Peasants and Jews: Anti-Semitism and Rural Politics in Northwest Germany
In this chapter, I continue my focus on the county of Bremervörde, which was the epicenter of the rural crisis of the winter of 1927/28 and efforts to reconstitute rural politics and interest representation. I will pay particular attention to two individuals at the center of these events, Heinrich Borgardt (the liberal editor of the county newspaper) and Christian Meyer (a war veteran turned political activist). I also focus on two regions within the Free State of Oldenburg: the sub-counties of Oldenburg and Jeverland. The Landvolk were particularly strong in the former, but could gain no traction in the later. My GIS allows me to drill down into village political culture and understand competition between the competing anti-Semitic parties and postulate why the Nazis emerged victorious within the racist bloc.
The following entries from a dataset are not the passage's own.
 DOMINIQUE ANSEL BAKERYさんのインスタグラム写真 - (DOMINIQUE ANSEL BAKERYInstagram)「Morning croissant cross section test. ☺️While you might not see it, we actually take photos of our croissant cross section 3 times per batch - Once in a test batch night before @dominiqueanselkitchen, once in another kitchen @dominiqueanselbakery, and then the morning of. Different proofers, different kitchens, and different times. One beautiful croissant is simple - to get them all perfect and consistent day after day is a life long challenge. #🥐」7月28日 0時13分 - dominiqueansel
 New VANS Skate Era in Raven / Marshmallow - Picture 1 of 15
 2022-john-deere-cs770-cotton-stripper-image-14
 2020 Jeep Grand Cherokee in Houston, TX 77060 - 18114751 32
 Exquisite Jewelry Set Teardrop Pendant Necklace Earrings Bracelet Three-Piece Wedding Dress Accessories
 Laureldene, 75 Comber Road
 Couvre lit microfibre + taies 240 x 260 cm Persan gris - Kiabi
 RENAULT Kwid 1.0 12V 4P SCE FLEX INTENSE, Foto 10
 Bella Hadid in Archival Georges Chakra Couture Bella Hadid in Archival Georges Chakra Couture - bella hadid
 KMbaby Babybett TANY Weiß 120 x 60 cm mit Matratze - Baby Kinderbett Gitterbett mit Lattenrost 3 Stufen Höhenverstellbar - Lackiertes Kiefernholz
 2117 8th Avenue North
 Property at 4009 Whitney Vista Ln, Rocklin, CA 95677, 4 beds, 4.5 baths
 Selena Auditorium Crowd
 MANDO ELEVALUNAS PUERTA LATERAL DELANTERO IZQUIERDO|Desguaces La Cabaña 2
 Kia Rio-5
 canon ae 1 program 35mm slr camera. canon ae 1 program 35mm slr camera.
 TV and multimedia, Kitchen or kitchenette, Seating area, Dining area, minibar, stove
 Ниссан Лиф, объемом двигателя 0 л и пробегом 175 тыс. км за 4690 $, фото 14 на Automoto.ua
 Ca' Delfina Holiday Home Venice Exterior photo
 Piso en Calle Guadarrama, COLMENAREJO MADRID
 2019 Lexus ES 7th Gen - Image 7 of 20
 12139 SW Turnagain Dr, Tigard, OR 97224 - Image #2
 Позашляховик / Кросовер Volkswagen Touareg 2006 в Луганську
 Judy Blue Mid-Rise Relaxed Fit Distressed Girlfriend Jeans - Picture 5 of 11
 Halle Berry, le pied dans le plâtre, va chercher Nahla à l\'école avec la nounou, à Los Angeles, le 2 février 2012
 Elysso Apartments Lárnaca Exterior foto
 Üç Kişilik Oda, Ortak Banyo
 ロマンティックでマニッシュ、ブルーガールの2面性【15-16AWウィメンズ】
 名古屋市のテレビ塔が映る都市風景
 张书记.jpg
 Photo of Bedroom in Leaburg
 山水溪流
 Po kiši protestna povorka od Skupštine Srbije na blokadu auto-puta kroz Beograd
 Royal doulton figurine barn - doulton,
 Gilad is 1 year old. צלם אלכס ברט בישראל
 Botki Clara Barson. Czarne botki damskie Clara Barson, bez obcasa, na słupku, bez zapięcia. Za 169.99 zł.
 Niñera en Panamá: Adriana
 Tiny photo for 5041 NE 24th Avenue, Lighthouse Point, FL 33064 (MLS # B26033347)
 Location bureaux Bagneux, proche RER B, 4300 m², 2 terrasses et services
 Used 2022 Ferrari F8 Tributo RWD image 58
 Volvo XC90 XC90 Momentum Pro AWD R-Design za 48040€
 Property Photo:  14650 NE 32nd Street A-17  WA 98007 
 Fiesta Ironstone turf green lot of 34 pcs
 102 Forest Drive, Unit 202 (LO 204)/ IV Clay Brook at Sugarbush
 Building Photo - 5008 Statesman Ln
My spatial and statistical analysis focuses on the elections of 1928 and 1930.
In this chapter, I analyse the disintegration of German Nationalist hegemony in the villages along the North Sea coast after December 1924. In January of the following year, the DNVP entered into a Grand Coalition and was rewarded with the Finance and Economics ministries. Although the DNVP’s entry into government brought short-term benefits to its rural constituents, its participation in government discredited it as an anti-Republican force and left it exposed to its enemies to the Right. The currency stabilization ushered in by the Dawes Plan resulted in a credit constriction, followed in 1927 by harvest failure. With both structural and natural crises at hand, neither the DNVP nor the Landbund were able to provide relief. One result was the growth of the violent, anti-republican Landvolkbewegung. Another was the fracturing German Nationalist hegemony. Despairing of the DNVP’s chances and angered by the increasingly fascistic course of the DNVP, Landbund functionaries formed a new party, the Christian-National Peasants and Landvolk Party (the CNBLP), which advocated continued cooperation with the Republican government. The German Racist Peoples Party transformed itself in the Völkisch-National-Block while the reconstituted NSDAP emerged as a powerful force on the Lüneburg Heide and the Oldenburg Geest. Wolfram Pyta and Shelley Baranowski have already laid out the general outline of rural politics for the 1920s and 1930s, as traditional rural élites lost out to new, dynamic forces, while Jeremy Noakes provides an excellent outline of the dynamics of the growth of Nazism in Lower Saxony. A recent monograph by Barry Jaekisch clearly lays out the conflicts among racist factions at the national level. The German secondary literature on my study area in this period is extremely rich, most notably that undertaken by Herbert Reyer, Dietmar von Reeken, and Dirk Stegmann. Using my GIS, I am able do what these authors cannot dot: locate and statistically analyse the fracturing of the rural electorate and demonstrate how and why the Nazis emerged as the dominant force in the northwest German countryside by 1930.